TASK ITEM:
Write out again, word for word, the lines below from the line that holds "80 White Oaks Ln, Winfield, AL 35594" through the line that holds "2720 Chenevert Street, Houston TX 77004", omitting pictures.

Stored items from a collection
■ ■ ■ ■ ■ ■ ■
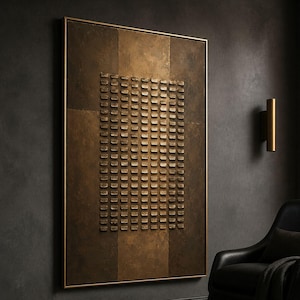 Può includere: Una grande opera d'arte murale rettangolare con uno sfondo testurizzato color bronzo scuro e marrone, caratterizzata da una griglia centrale di piccoli elementi metallici rettangolari in rilievo. L'opera è incorniciata da un sottile bordo dorato.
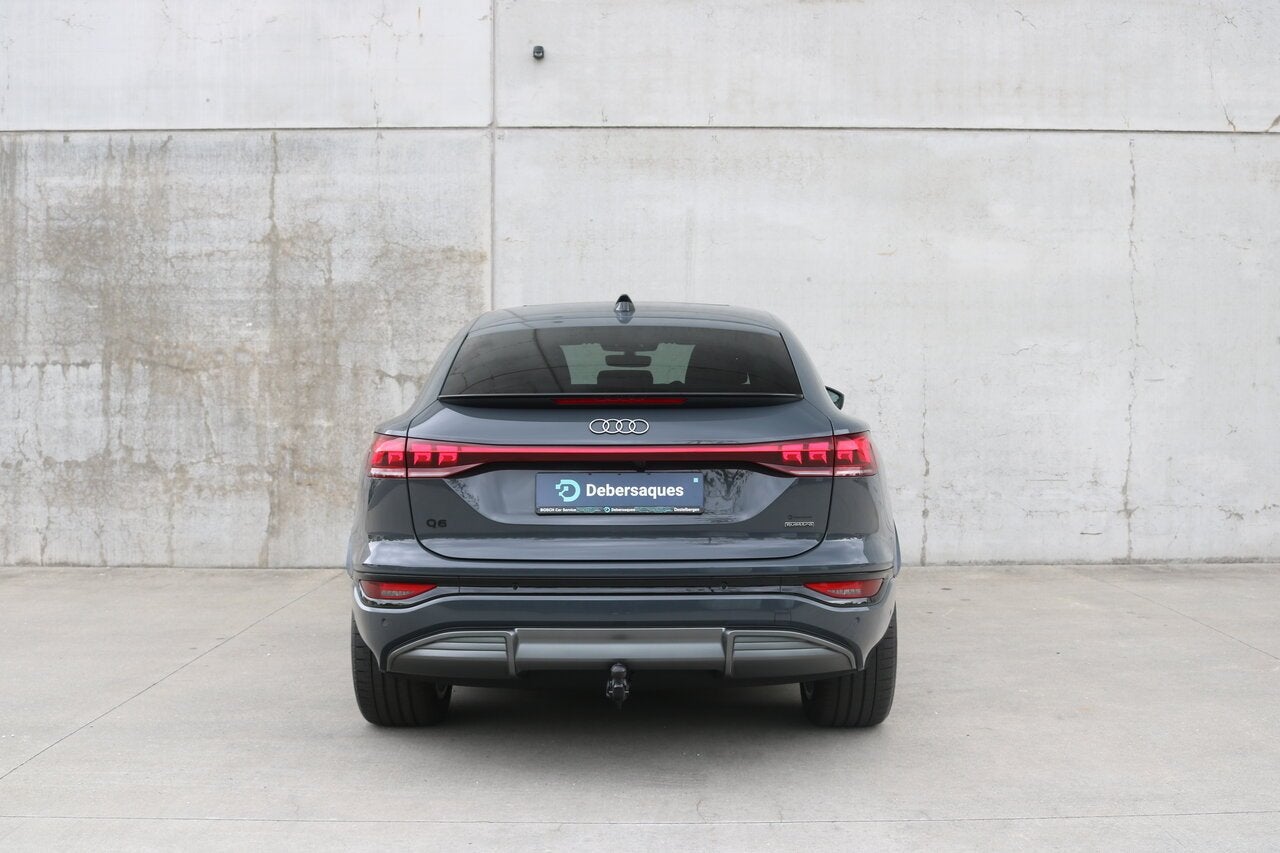 Audi Q6 e-tron S LINE | QUATTRO | 388PK | 100kWh | WARMTEPO, Auto's, Zwart, 0 kg, https://public.car-pass.be/vhr/60d45d8c-bd99-4618-a318-29049760a754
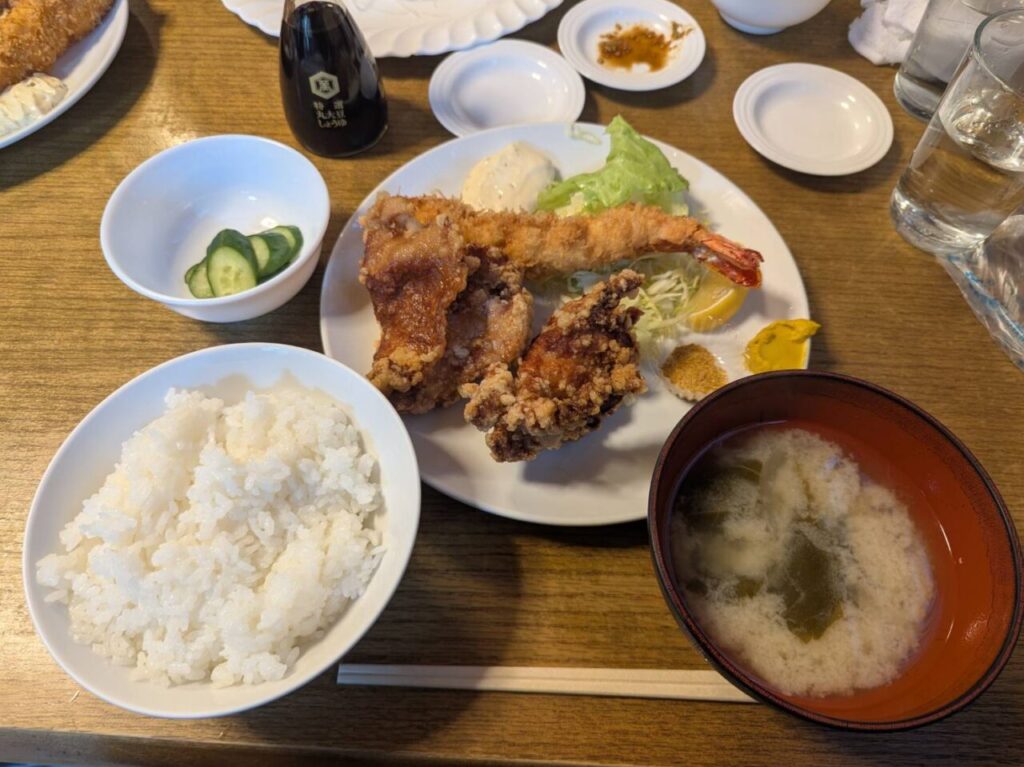 食堂幸　定食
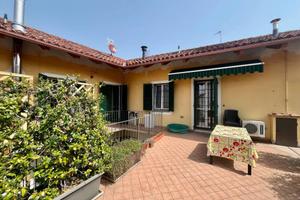 Appartamento di 138 m² con 4 locali e box auto a C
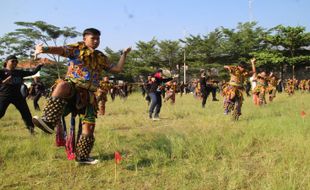 Ratusan Penari Ramaikan Tari Gedruk Kolosal di Jatinom Klaten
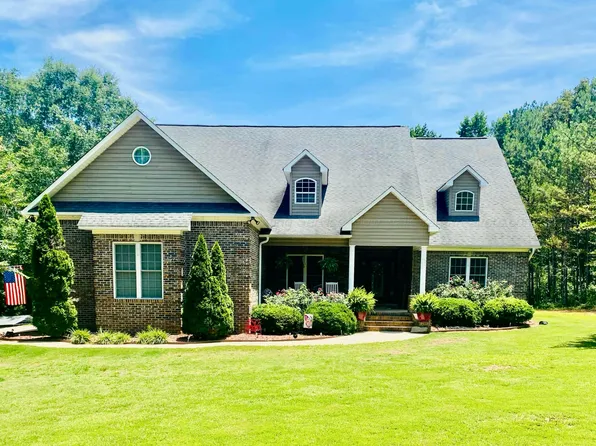 80 White Oaks Ln, Winfield, AL 35594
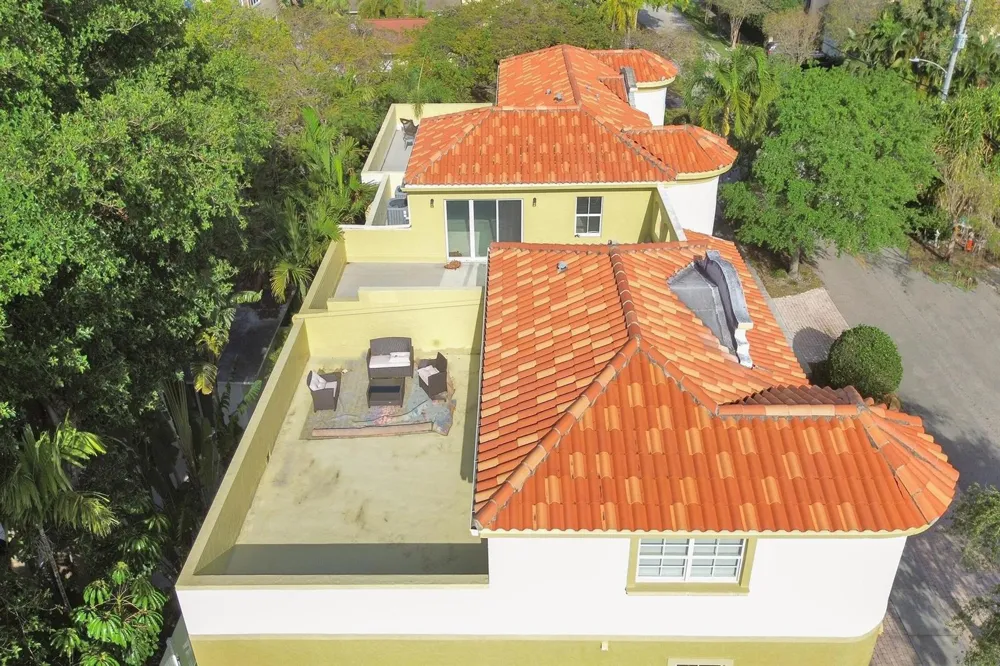 1411 NE 7th Street Fort Lauderdale, FL 33304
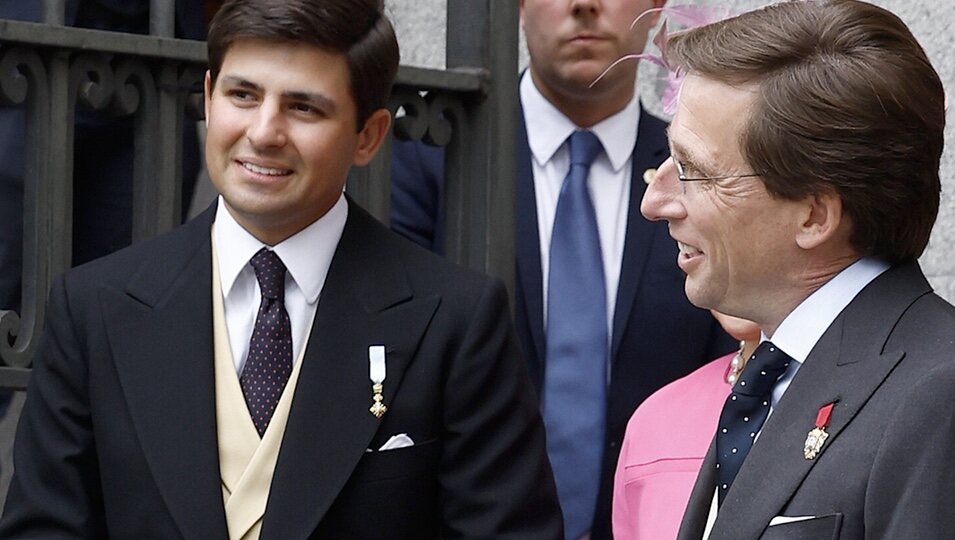 Juan Urquijo y Almeida en la boda de Almeida y Teresa Urquijo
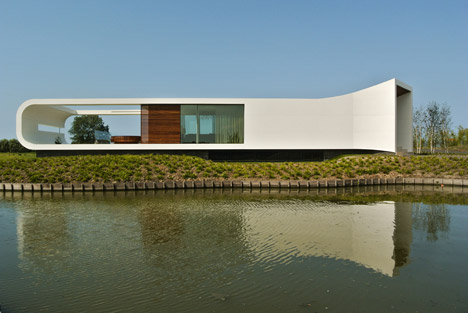 DuPont Corian Villa New Water
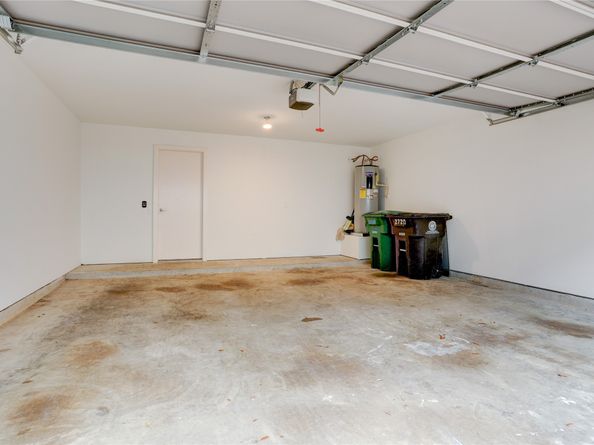 2720 Chenevert Street, Houston TX 77004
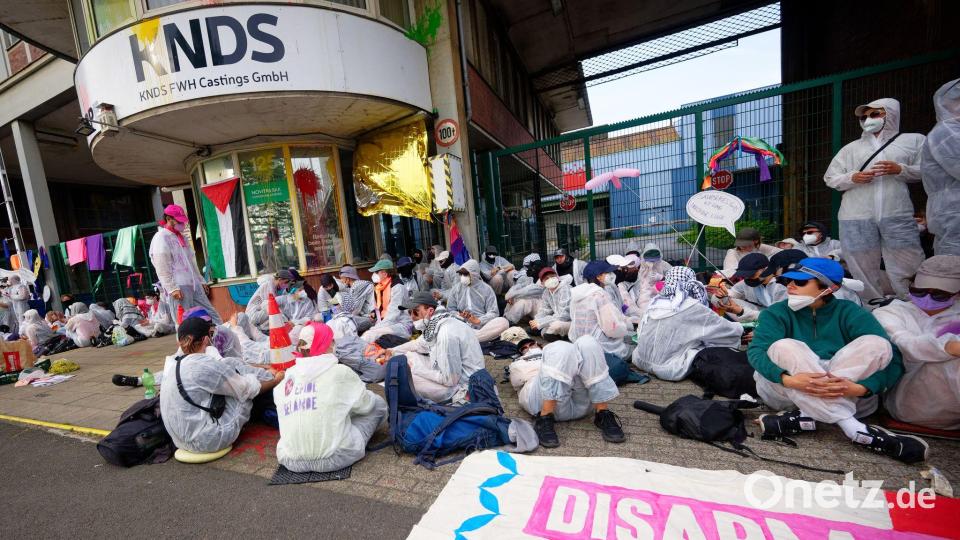 Protest vor Panzerbauer KNDS: Aktivisten blockieren Zufahrt in Mülheim an der Ruhr Bild: Henning Kaiser/dpa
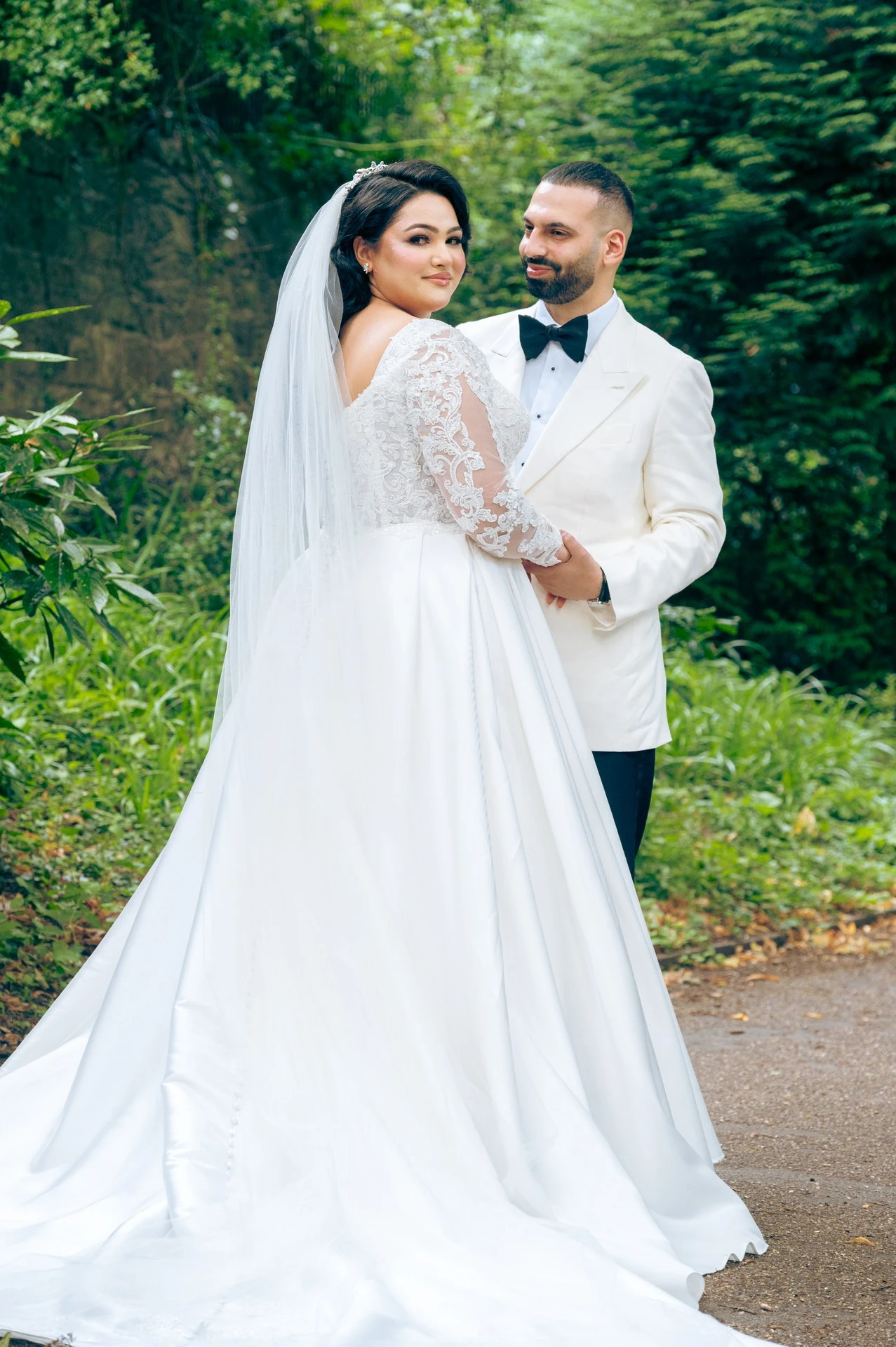 Bride portrait at luxury wedding, photographed by Eyecon Moments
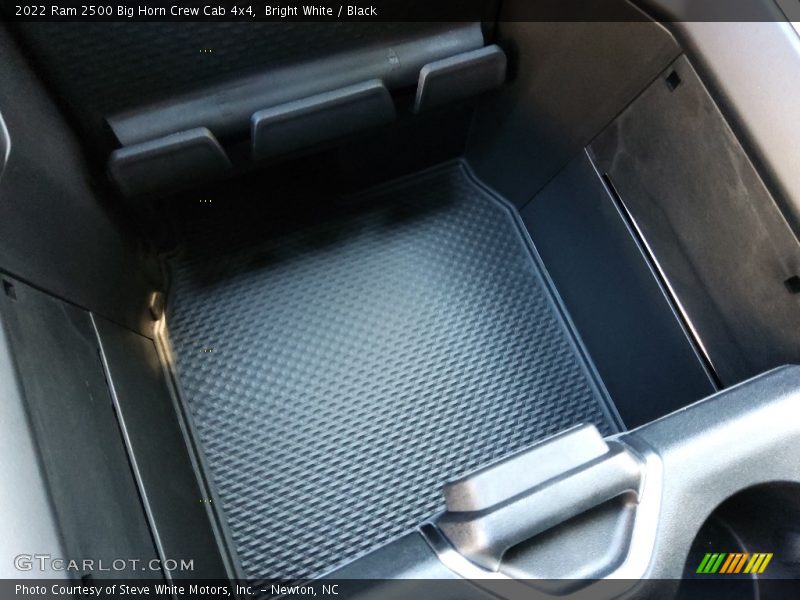 Bright White / Black 2022 Ram 2500 Big Horn Crew Cab 4x4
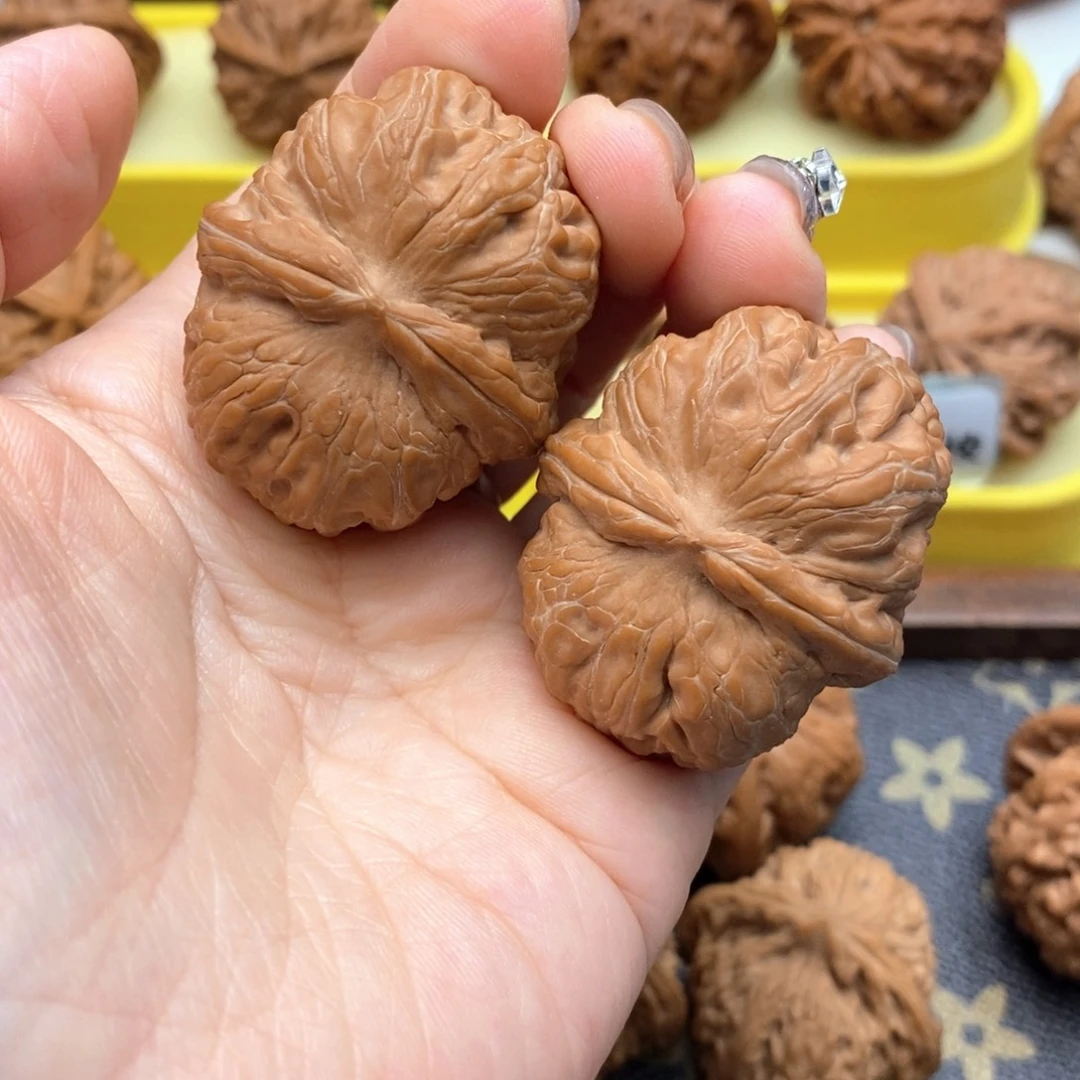 ****文玩核桃把件201号元宝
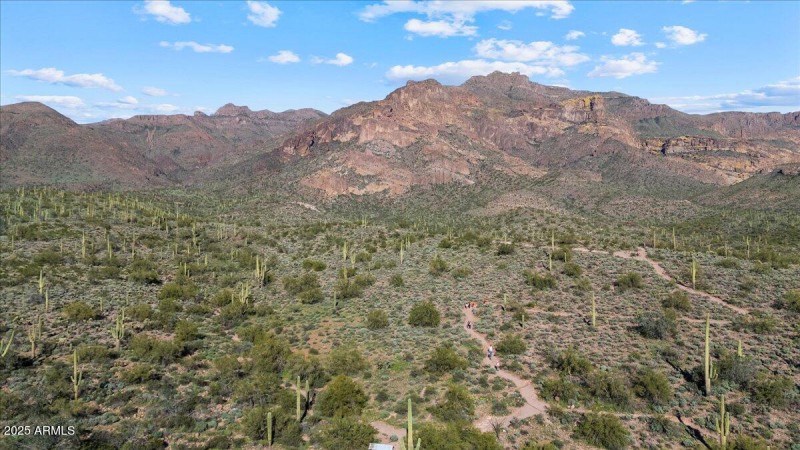 21-DJI_20251201142409_0696_D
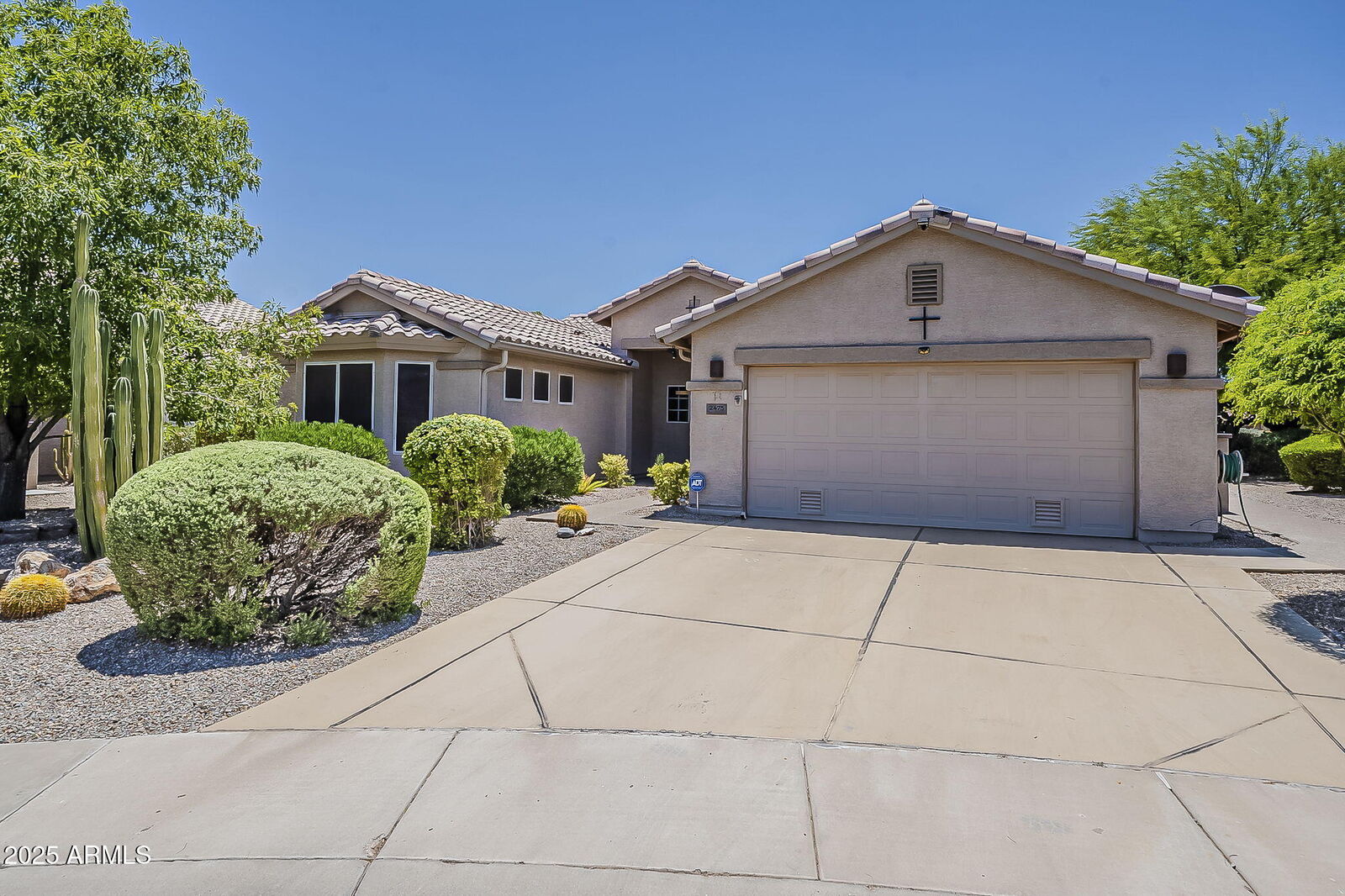 Property Photo:  2475 E Golden Court  AZ 85194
■ ■ ■ ■ ■ ■ ■
PROBLEM SOLUTION:
 80 White Oaks Ln, Winfield, AL 35594
 1411 NE 7th Street Fort Lauderdale, FL 33304
 Juan Urquijo y Almeida en la boda de Almeida y Teresa Urquijo
 DuPont Corian Villa New Water
 2720 Chenevert Street, Houston TX 77004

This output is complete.